Jairus Hamilton knew what he had to do. He just needed a little push.
Maryland men’s basketball held a seven-point edge with just over two minutes left in the first half of its Feb. 21 matchup with Rutgers. And with the shot clock dwindling, Scarlet Knights guard Paul Mulcahy had the ball.
Hamilton was his assignment, facing Mulcahy up on the perimeter. But his positioning was just off, offering a glimmer of a lane for Mulcahy.
So, Darryl Morsell gave Hamilton a slight nudge. The gap closed. And seconds later, the buzzer sounded: The Terps had forced Rutgers into a shot-clock violation.
At times, it’s been a difficult transition to life in College Park for Hamilton, who transferred from Boston College during the offseason. But as Sunday’s adjustment showed, the junior forward is beginning to make his presence felt for Maryland.
“I know this hasn’t been the best year for me,” Hamilton said on Feb. 16. “But [I] just want to stay confident and stay ready for any time they need me, and I’ll just come in and produce whenever I’m needed.”
Production wasn’t an issue when Hamilton was suiting up for the Eagles. The Charlotte native was a fixture in Boston College’s lineup, starting 20 games as a sophomore.
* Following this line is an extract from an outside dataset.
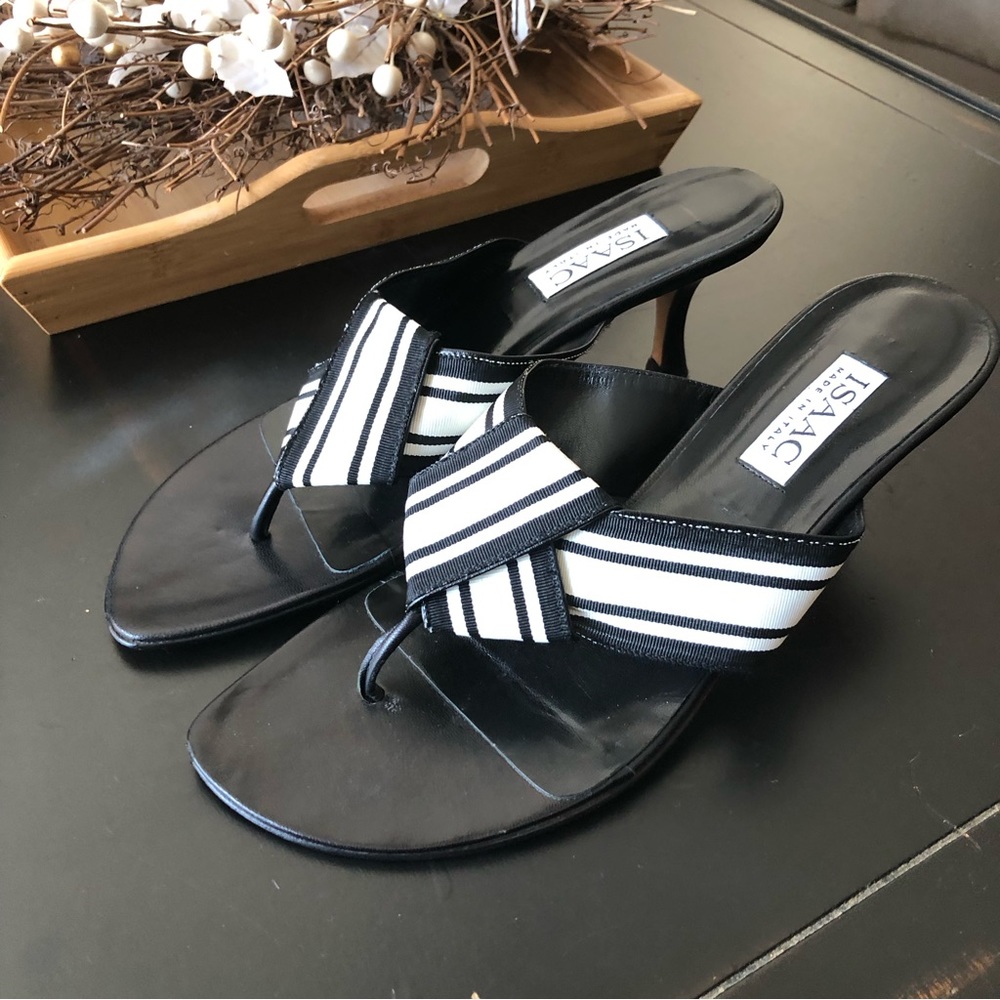 Isaac Kitten Heels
He was a high-volume scorer, tallying up double digits in 11 appearances, including a 23-point explosion against Virginia Tech.
And with a wealth of skilled ball handlers on coach Mark Turgeon’s roster, Hamilton seemed poised for a breakout junior year with the Terps.
“He’s versatile,” guard Eric Ayala said after Maryland’s 79-61 win over Mount St. Mary’s on Nov. 29, 2020. “He can do so much. He can drive. Defensively, he can switch out on guards and guard wings and bigs. He’s been phenomenal since he’s been here.”
But the luster started to wear off as the losses piled up. Turgeon began jostling his lineup to get the Terps back on track. By the new year, Hamilton was on the bench.
Still, the opportunities to contribute were there. Hamilton regularly saw over 20 minutes of game time coming off the bench.
There were flickers of optimism for Hamilton, too: 15- and 10-point outings in blowout losses to Michigan, a seven-point display against then-No. 17 Minnesota in which Hamilton helped lock down the Golden Gophers star big, Liam Robbins.
“Jairus is new to us because there was no spring, no summer, no fall,” Turgeon said. “It’s just a maturation process.”
And in Maryland’s two-game set against Nebraska, Hamilton bloomed. Hamilton showed off a smooth three-point shooting stroke, netting six of his nine attempts across both games. There were aggressive drives to the basket, too. With just over eight minutes left in the first half of the Terps’ first matchup with the Cornhuskers, Hamilton reeled a pass from guard Aaron Wiggins on the wing.
He faked a three, put the ball on the floor and darted to the lane. With two defenders converging, Hamilton feigned a shot once more, slipping underneath Nebraska’s challenges to sink a wide-open layup.
“He provided a little spark, he gave us a little bit of energy and on the offensive end, he was making shots,” Wiggins said after Maryland downed the Cornhuskers 64-50 on Feb. 16. “It was really good for us, kinda opened the floor up a little bit for us, and we were able to get things going.”
They aren’t qualities Hamilton was always associated with in his young Maryland career. But with his recent resurgence, the Terps will be hoping it’s Hamilton who does the pushing, as part of an improving core of players lifting Maryland to yet another tournament appearance.